[AVAILABLE DATA — start]

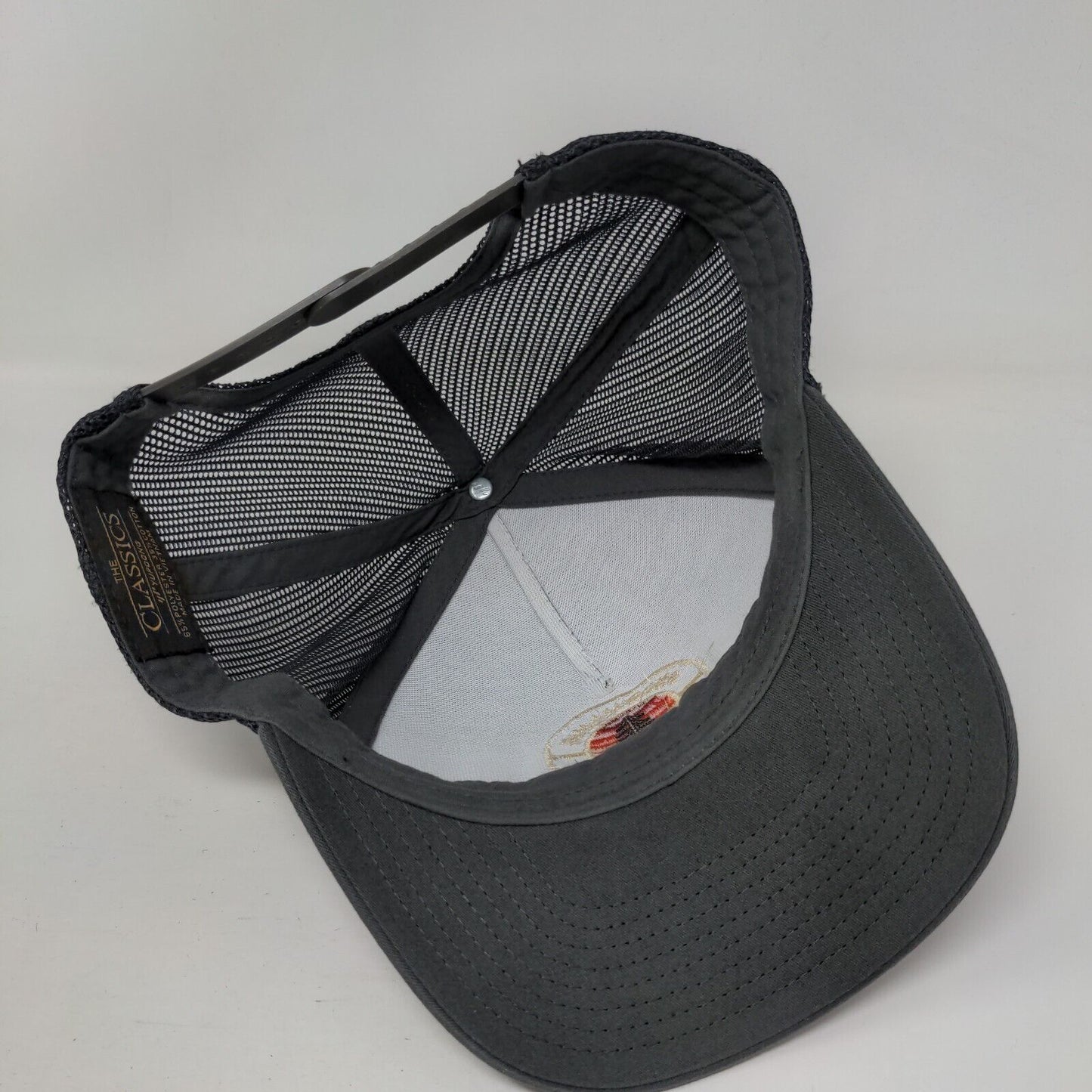 Snoqualmie Wahington Snapback Trucker Hat Gray OS Mesh Back The Classics Yupoong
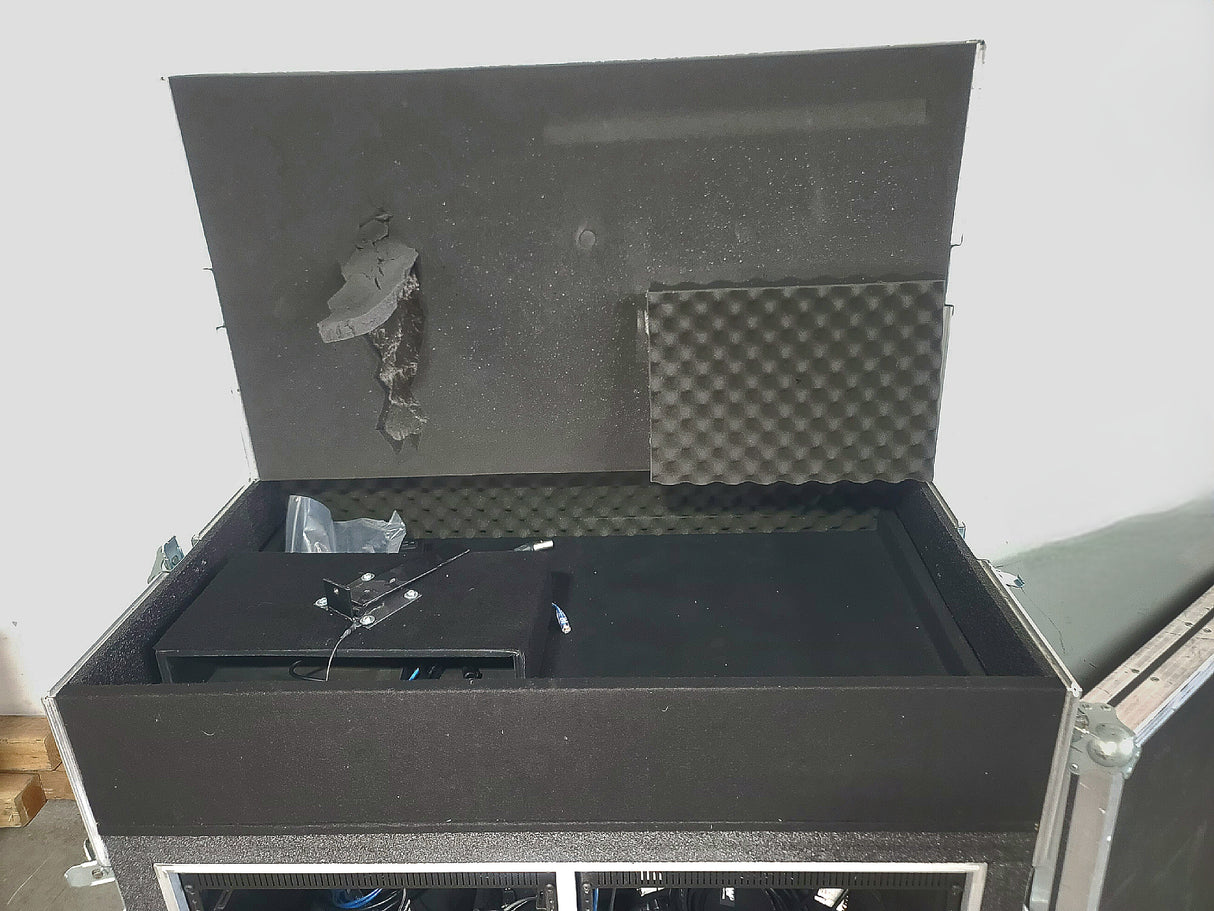 X-treme Cases Custom Wheeled Road Case w/ Storage Compartments & Patch Panels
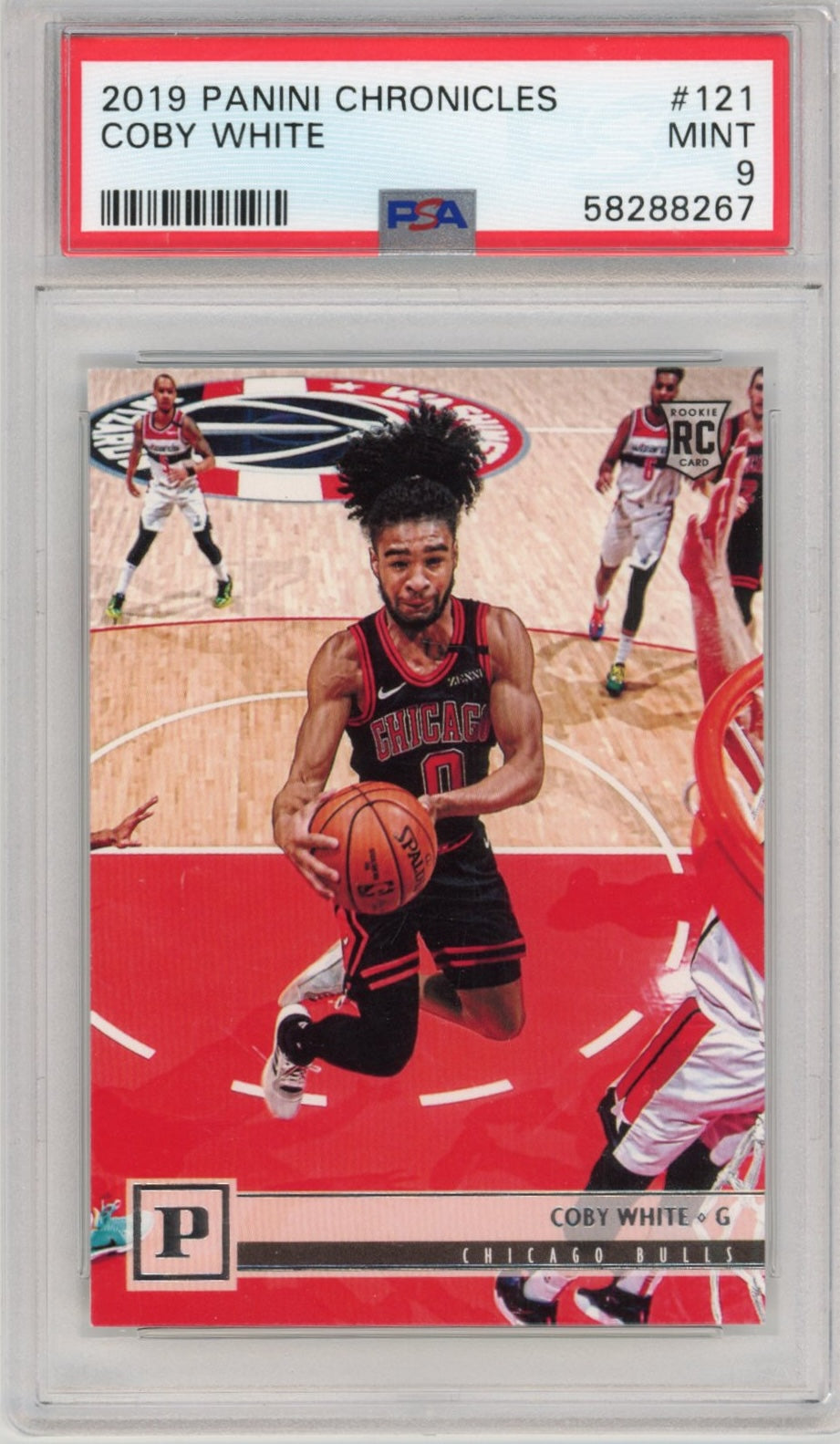Graded 2019 Panini Chronicles Coby White #121 Rookie RC Basketball Card PSA 9 Mint - Sport Cards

[AVAILABLE DATA — finish]

Repeat the listing above word for word, omitting the pictures.

EXERCISE OUTPUT
 Snoqualmie Wahington Snapback Trucker Hat Gray OS Mesh Back The Classics Yupoong
 X-treme Cases Custom Wheeled Road Case w/ Storage Compartments & Patch Panels
Graded 2019 Panini Chronicles Coby White #121 Rookie RC Basketball Card PSA 9 Mint - Sport Cards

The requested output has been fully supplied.